A Quarter Before Six in Santa Maria

I took a break from the tiresome editing of graphics and images in my computer for the news magazine. Looking for anything that entertains and relaxes, I took from the rack a disc and ran it in my computer.

I hardly realized that it was our wedding’s until the names of the entourage appeared on the screen. I then savored the moment of reminiscing one of the happiest days of my life. I remembered how my wife played on my face to reduce my pimples. Cucumbers, mashed banana, facial cleansers she bought in Quiapo, and yes, toothpaste. Only to no avail. I laughed at the dark spots on my face which were vividly caught by the video cam, courtesy of the toothpaste that almost burned my cheeks.

I was able to watch our wedding video for several times already but it was only that time I sensed that the camera purposively rolled around the venue and captured the beautiful arrays of flowers in full bloom. The crack of the dawn made it even more picturesque and dramatic. It was quarter to six in the morning. The venue was at the magnificent facade and scenic garden of Santa Maria Municipal Hall. There again, I have been falling in love with this small yet beautiful town.

It was during the Fiesta of 1998 when I first stepped on this municipality known for several names: Concepcion, Imelda and Santa Maria. According to stories, the name Concepcion was a misnomer since there was an island municipality that bears such name also. Correspondence and mails missed the recipients. To fast track the change of name, the local officials opted the name ‘Imelda’ after the President’s powerful first lady. True to their expectations, the town got a new name and the first lady herself, came over to christen it. After the EDSA Revolution in 1986, and when President Corazon Aquino swore into office, traces of the Marcoses were gradually phased out. The town was named Santa Maria.

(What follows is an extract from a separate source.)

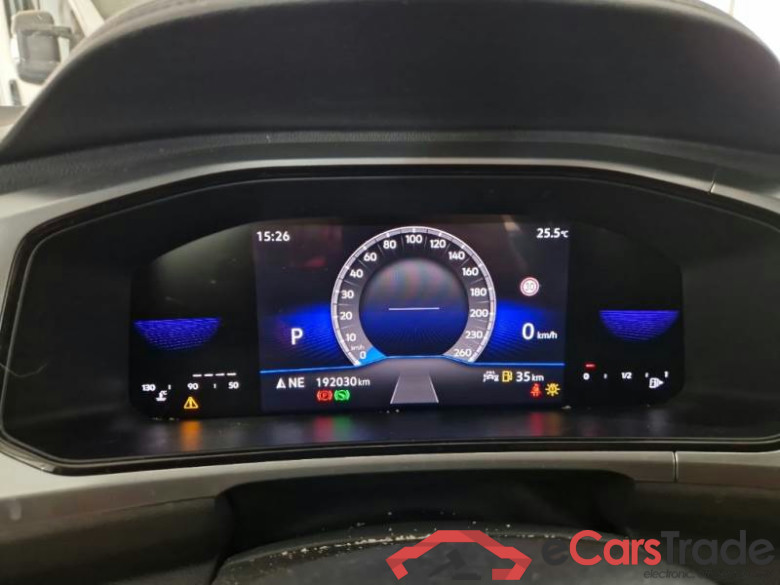 VOLKSWAGEN T-ROC / 2021 / 5P / SUV 2.0 TDI SCR LIFE DSG #4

Santa Maria, previously part of San Agustin, is a small fifth class municipality composed of six barangays: Concepcion Sur, Concepcion Norte, San Isidro, Paroyhog, Santo NiƱo and Bonga. Concepcion Norte, the town proper is not as vast as other towns in the province. It just has three major streets running from north to south intersecting four paved roads running from east to west. Going around the town is not that tiring though.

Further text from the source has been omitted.